> **Brief**
Retype all of the entries precisely.

*** Opening Raw data ***

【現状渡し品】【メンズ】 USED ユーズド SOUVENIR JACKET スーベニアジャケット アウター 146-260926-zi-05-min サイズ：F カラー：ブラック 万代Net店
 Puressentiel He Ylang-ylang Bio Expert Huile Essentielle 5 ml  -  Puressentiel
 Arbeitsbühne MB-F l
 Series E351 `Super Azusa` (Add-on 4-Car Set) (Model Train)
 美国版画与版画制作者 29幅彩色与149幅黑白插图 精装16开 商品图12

*** Closing Raw data ***

> **Result below**
【現状渡し品】【メンズ】 USED ユーズド SOUVENIR JACKET スーベニアジャケット アウター 146-260926-zi-05-min サイズ：F カラー：ブラック 万代Net店
 Puressentiel He Ylang-ylang Bio Expert Huile Essentielle 5 ml  -  Puressentiel
 Arbeitsbühne MB-F l
 Series E351 `Super Azusa` (Add-on 4-Car Set) (Model Train)
 美国版画与版画制作者 29幅彩色与149幅黑白插图 精装16开 商品图12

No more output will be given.